Xilinx generates many pretty text files, among the most useful are the fitter (which shows you the utilization) and the timing reports.
Here's what the fitter says, with a few extra features to support reading/writing a 4 bit LED register and driving them on the board. The design is optimized for speed, which means it has flattened out some logic to get faster pin-to-pin delays at the expense of space. It's not clear that that's buying anything, since it can't flatten everything and the design is only as fast as the slowest signals. At one point I had a 17 bit performance counter (accessible via the memory window) and it still fit (after the exhaustive fitting option backed down on the pterm limit a few times).
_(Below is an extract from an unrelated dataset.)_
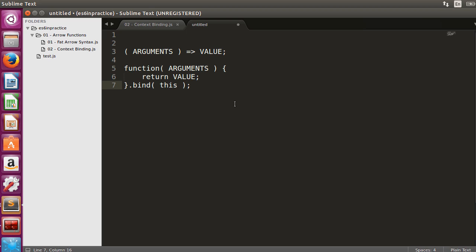Now that you know the fundamentals of arrow functions, I encourage you to solve some arrow function exercises. You can get access to the reference solutions with explanations in the next video.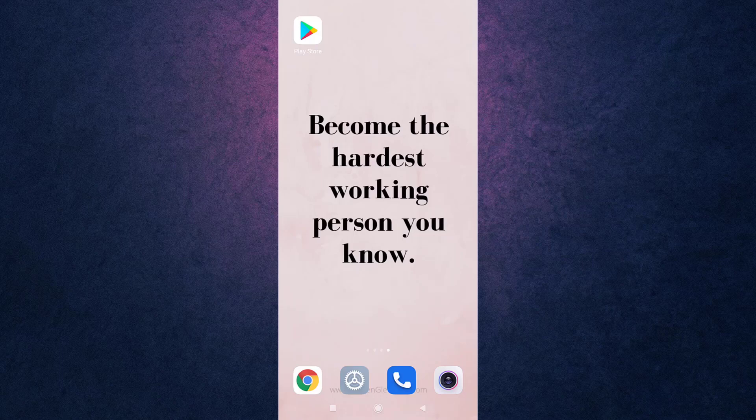Hello everyone, welcome back to Social Nerd. I'm back with yet another tutorial video, and in today's video I'll be showing you how you can download Amazon on your phone.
cpldfit: version G.31a Xilinx Inc. Fitter Report Design Name: pci Date: 9-22-2004, 1:05AM Device Used: XC95108-7-PC84 Fitting Status: Successful **************************** Resource Summary **************************** Macrocells Product Terms Registers Pins Function Block Used Used Used Used Inputs Used 72 /108 ( 67%) 372 /540 ( 69%) 53 /108 ( 49%) 50 /69 ( 72%) 193/216 ( 89%) PIN RESOURCES: Signal Type Required Mapped | Pin Type Used Remaining ------------------------------------|--------------------------------------- Input : 8 8 | I/O : 44 19 Output : 11 11 | GCK/IO : 3 0 Bidirectional : 30 30 | GTS/IO : 2 0 GCK : 1 1 | GSR/IO : 1 0 GTS : 0 0 | GSR : 0 0 | ---- ---- Total 50 50
I decided to leave out the XC95108 timing report since it's a pack of lies anyway. I told the WebPACK that I had a -7 speed grade part, which produces numbers that don't look so scary, even though in that best case they violate the PCI spec by a fair margin. Luckily there is a lot of slack in the PCI spec if you put your device very close to the master and it isn't a stickler for the setup times defined by the spec. Also, my -20 speed grade part was probably binned down for marketing reasons.
Here's what it says for a XC95144XL-7, which is what I'd use if I were making another board. It actually squeaks the clk-to-pad delays out at under 13ns (that's 10ns for propagation delay and 7ns for setup time, according to the PCI spec).
Performance Summary Report -------------------------- Design: pci Device: XC95144XL-7-TQ100 Speed File: Version 3.0 Program: Timing Report Generator: version G.31a Date: Thu Sep 23 00:20:41 2004 Timing Constraint Summary: TS_clk=PERIOD:clk:30.000nS:HIGH:50.000000% Met TS_P2P=FROM:PADS:TO:PADS:23.000nS Met AUTO_TS_2001=OFFSET OUT:23.000nS:AFTER:clk Met Performance Summary: Clock net 'clk' path delays: Clock Pad to Output Pad (tCO) : 12.7ns (2 macrocell levels) Clock Pad 'clk' to Output Pad 'ad<29>' (GCK) Clock to Setup (tCYC) : 15.8ns (2 macrocell levels) Clock to Q, net 'baseaddr<0>.Q' to TFF Setup(D) at 'state<0>.D' (GCK) Target FF drives output net 'state<0>' Setup to Clock at the Pad (tSU) : 12.6ns (1 macrocell levels) Data signal 'cbe<3>' to TFF D input Pin at 'state<0>.D' Clock pad 'clk' (GCK) Minimum Clock Period: 15.8ns Maximum Internal Clock Speed: 63.2Mhz (Limited by Cycle Time)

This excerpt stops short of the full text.